The document notes that the armed forces of Armenia and Russian troops captured Khojaly -- a town in Azerbaijan's Nagorno-Karabakh region -- on February 25-26, 1992. The Azerbaijani population was subject to massive annihilation, in which up to a thousand people were killed, with most of the victims being women and children.
"The massacre was reported by major news organizations and has been viewed by the Human Rights Watch as a violation of customary law regarding the treatment of civilians in war zones, and numerous governments around the world have condemned the attack," it said.
The Khojaly genocide was earlier recognized by the parliaments of Turkey, Pakistan and Mexico.
Furthermore, the Khojaly tragedy was recognized as an act of genocide and crime against humanity at the 12th session of the Islamic Summit Conference, the highest body of the Organization of Islamic Cooperation, held with the participation of OIC leaders in Cairo on February 2-7.
The town of Khojaly was situated within the administrative borders of the Nagorno-Karabakh region of Azerbaijan. Its population constituted over 7,000 people. Because of its communication advantage of having a civilian airport, just before the start of Nagorno-Karabakh conflict it had become a shelter for refugee Meskhet Turks who fled the bloody inter-ethnic clashes in Central Asia as well as Azerbaijani refugees deported from Armenia.
Late into the night of February 25, 1992, the town came under intensive fire from the town of Khankendi and Askeran already occupied by Armenian forces. At night the Armenian armed forces supported by the ex-Soviet 366th regiment completed the surrounding of the town already isolated due to ethnic cleansing of the Azerbaijani population of its neighboring regions. The joint forces occupied the town, which was ruined by heavy artillery shelling.

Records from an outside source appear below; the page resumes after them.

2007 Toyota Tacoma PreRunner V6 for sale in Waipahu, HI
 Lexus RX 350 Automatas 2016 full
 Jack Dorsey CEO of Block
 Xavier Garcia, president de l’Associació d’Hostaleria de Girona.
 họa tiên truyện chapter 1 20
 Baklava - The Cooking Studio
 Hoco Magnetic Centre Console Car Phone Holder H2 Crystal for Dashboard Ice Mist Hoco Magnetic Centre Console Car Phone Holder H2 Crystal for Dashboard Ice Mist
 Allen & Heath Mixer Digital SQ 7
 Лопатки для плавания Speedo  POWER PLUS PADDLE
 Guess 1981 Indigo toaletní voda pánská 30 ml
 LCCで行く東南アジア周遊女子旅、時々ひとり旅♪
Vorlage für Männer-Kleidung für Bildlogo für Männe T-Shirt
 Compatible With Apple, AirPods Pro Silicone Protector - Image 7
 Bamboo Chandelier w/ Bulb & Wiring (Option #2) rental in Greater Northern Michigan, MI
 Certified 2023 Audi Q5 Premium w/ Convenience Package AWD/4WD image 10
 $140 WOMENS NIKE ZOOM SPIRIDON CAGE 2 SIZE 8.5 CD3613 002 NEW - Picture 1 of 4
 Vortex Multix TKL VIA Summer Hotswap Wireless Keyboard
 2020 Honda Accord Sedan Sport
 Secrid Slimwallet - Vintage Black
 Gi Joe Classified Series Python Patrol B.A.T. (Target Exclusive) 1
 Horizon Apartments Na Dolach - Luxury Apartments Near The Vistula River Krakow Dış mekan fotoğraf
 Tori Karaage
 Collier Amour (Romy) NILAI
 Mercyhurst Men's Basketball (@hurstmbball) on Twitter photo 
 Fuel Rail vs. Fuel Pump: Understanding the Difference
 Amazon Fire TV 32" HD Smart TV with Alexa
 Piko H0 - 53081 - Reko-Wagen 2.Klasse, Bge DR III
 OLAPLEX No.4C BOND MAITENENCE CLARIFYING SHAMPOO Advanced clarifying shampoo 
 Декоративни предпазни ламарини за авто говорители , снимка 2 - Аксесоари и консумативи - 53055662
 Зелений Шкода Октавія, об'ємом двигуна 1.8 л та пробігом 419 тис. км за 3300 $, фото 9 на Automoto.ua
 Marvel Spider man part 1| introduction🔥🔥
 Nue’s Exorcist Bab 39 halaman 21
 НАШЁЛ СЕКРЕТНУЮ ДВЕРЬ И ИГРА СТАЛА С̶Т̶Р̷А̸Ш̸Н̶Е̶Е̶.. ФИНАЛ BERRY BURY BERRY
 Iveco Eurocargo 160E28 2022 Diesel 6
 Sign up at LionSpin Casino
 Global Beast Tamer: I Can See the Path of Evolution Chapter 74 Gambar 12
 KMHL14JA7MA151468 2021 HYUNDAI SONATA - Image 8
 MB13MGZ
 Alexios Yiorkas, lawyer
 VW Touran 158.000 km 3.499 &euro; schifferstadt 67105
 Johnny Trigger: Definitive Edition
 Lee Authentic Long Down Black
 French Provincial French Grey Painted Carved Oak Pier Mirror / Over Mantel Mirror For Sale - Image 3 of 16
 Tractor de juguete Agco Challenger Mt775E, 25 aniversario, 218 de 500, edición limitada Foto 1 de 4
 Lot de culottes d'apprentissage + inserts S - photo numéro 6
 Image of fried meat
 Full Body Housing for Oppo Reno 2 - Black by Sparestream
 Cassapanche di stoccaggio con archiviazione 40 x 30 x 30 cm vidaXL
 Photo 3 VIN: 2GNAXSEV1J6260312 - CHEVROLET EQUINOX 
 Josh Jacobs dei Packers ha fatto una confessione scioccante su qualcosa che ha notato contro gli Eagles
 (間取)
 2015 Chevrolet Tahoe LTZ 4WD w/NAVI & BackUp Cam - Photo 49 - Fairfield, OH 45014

In just a few hours, 613 civilians were killed, including 106 women, 70 elderly and 83 children in Khojaly on that bloody night. A total of 1,000 civilians were disabled. 56 people were killed with outrageous brutality, eight families were totally exterminated, and 25 children lost both parents, while 130 children lost at least one parent, in what became the most brutal crackdown on civilians during the three years of the conflict's military phase. Moreover, 1,275 innocent people were taken hostage, while the fate of 150 remains unknown.
The Nagorno-Karabakh conflict emerged in 1988 when Armenia made territorial claims against Azerbaijan. Since the lengthy war that displaced over one million Azerbaijanis, Armenian armed forces have occupied over 20 percent of Azerbaijan's internationally recognized territory, including Nagorno-Karabakh and seven adjacent regions. The UN Security Council has adopted four resolutions on Armenia's withdrawal from the Azerbaijani territory, but Armenia has not followed them to this day.